住職は、「除霊」は、霊を鎮めるためではなく、憑依された人(高村さん)を救うために行っていると考えている。
高村さんが自らの体験を取材してほしい(広めてほしい)と考えたのは、自分のように生きづらい(自分は霊的なものではなく、多重人格障害なのではないか等で悩んでいる)人たちに、体験を伝えることが救いにならないかと考えている。
奥野さんは、心霊の存在を信じているわけではないが、2人から同じ出来事について語られる(しかも住職は知人)ということは、少なくとも2人が見て考えた「何か」はあるに違いない。しかし、それを深く追求することは、関係者は誰も望んでいないため、そのままの形で伝えようと考えている。
結果として、「恐怖」にも「感動」にも偏らない、まさに淡々とした体験談が語られる本になっている。

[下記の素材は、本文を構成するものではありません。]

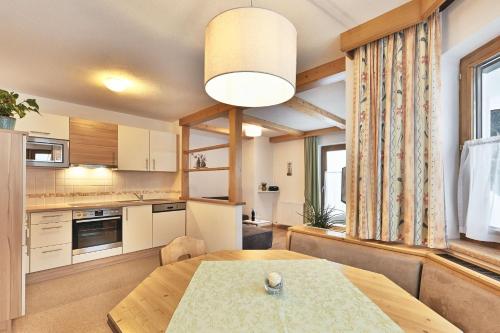 ห้องครัว, Haus Oberluggauer in วาลด์ อัม อาร์ลแบร์ก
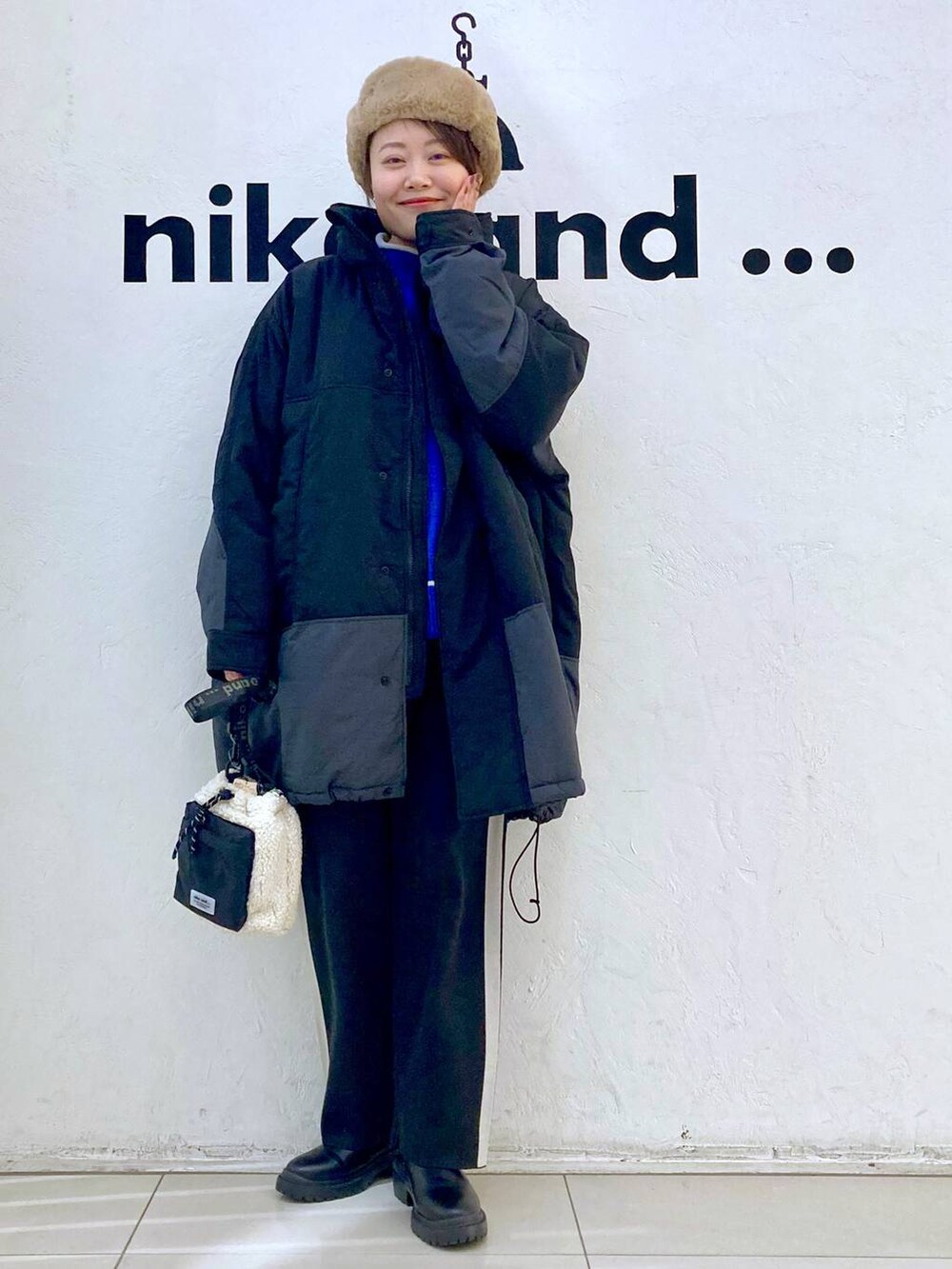 その他のブルゾン、ホワイト系のその他パンツ、ブラック系のブーツを着用したレディースの冬コーディネートの5枚目の写真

憑依される高村さんの感覚は、とても興味深い。「わんこそば」や「トコロテン」という比喩もあったが、この時期は人の出入りが激しかったようだ。別の箇所では、自分の心を自動車に喩えており、通常時は、ドアを閉め鍵をかけることができていたのに、この時期はドアが全開で鍵もかけられなかったという。この流れからすると、憑依される=体の支配を受け渡すのは、運転席を代わるイメージのようだ。
そして、本の中で何度も繰り返されているが、高村さんは死者に体を奪われる体験はレイプと同じだと言い、あの人(霊)たちは加害者だとさえいう。

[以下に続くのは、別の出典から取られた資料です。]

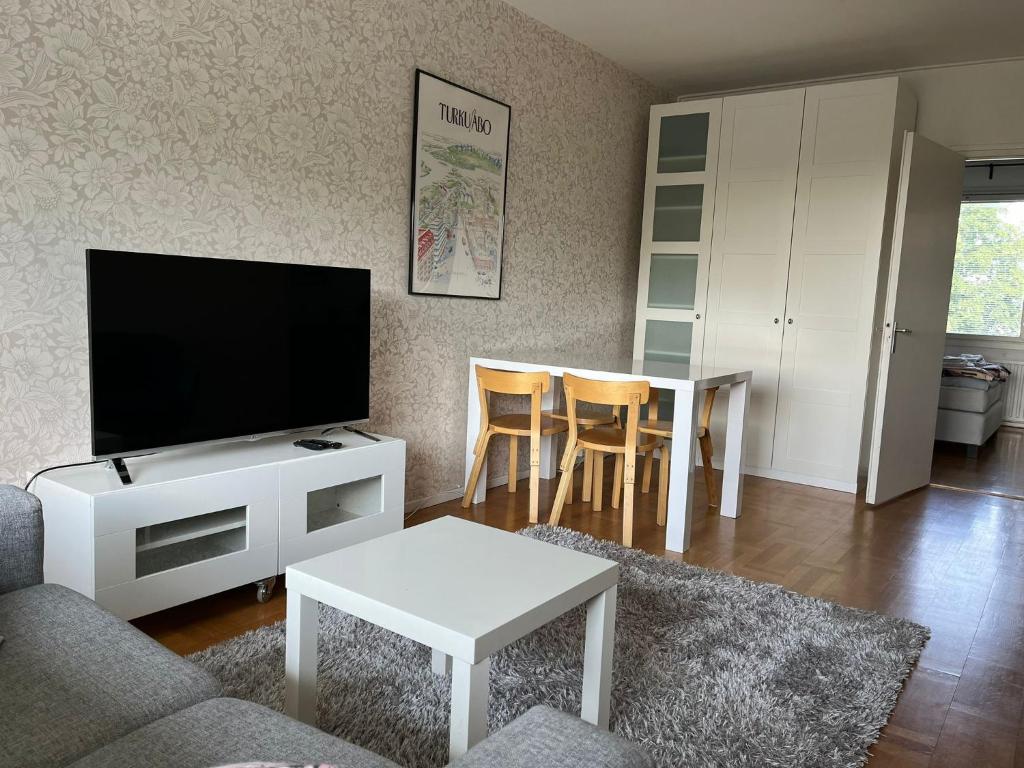 Kompakti kolmio hyvällä sijainnilla photo 2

理解できないでしょうね。約1年の間に、わたしが嫌がるのもかまわず、30人以上の人(霊)が強引にわたしの体の中に入っては暴れたり怒鳴ったり、この体をよこせ、生き返らせろ、俺は死んでないとか…。わたしの意思を無視して好き勝手をしていました。わたしにすれば、あれはわたしの人権や尊厳を根こそぎ奪う行為でした。p76

また、憑依するときは、死の体験(ほとんどが溺死)から始まって、そこから死者が語りだすような流れになるので、体力的にも非常に辛いようで、だからこそ「あれはわたしの人権や尊厳を根こそぎ奪う行為でした」という発言に繋がるのだろう。
だから、さまざまなタイプの死に方を追体験する中で、高村さんが最も共感したのは、津波の中で浮かぶ建物につかまり奇跡的に助かったにも拘わらず、別の男に足をつかまれて海の底に沈んでしまった大学生。「何で俺なんだ!」と、自分を海に引きずり下ろした男を憎む気持ちが、自分の気持ちそのものだという。


母親を待っていて津波に飲まれた小学生や、目の前で娘二人が流されるのを見て自殺してしまった男性など、「死んでしまった人」の体験談を聞くというのは普通は出来ないので、その点でも非常に興味深い内容になっており、溺れる者の視点での津波は本当に恐ろしかった。
また、住職の、死者の言葉を「傾聴」し、手助けして「物語」にしていくことで死を納得させる、死者との対話(死者との対話なのかどうかは分かりませんと言っているが)の技術も面白い。特殊なカウンセリングだと思っても読める内容になっている。
ただ、(読み返すと前半は、ある程度、追加取材の内容が入っているが)特に後半の、あまりまとめようとせずに、あくまで「告白」を重視する構成には少し面食らった。しかし、少し変わった本だったという感想をもとに『心にナイフをしのばせて』を振り返ると、やはりあの本も普通のノンフィクションと異なり「事実」よりも「語り」や「受け止め」が重視される内容だったように思う。その意味では、奥野さんの特性なのかもしれない。


ということで、今回、ある種、とても変わった本を読んでしまったので、改めて、もう少しストレートなタイプの震災関連の怪談本を探してみたい。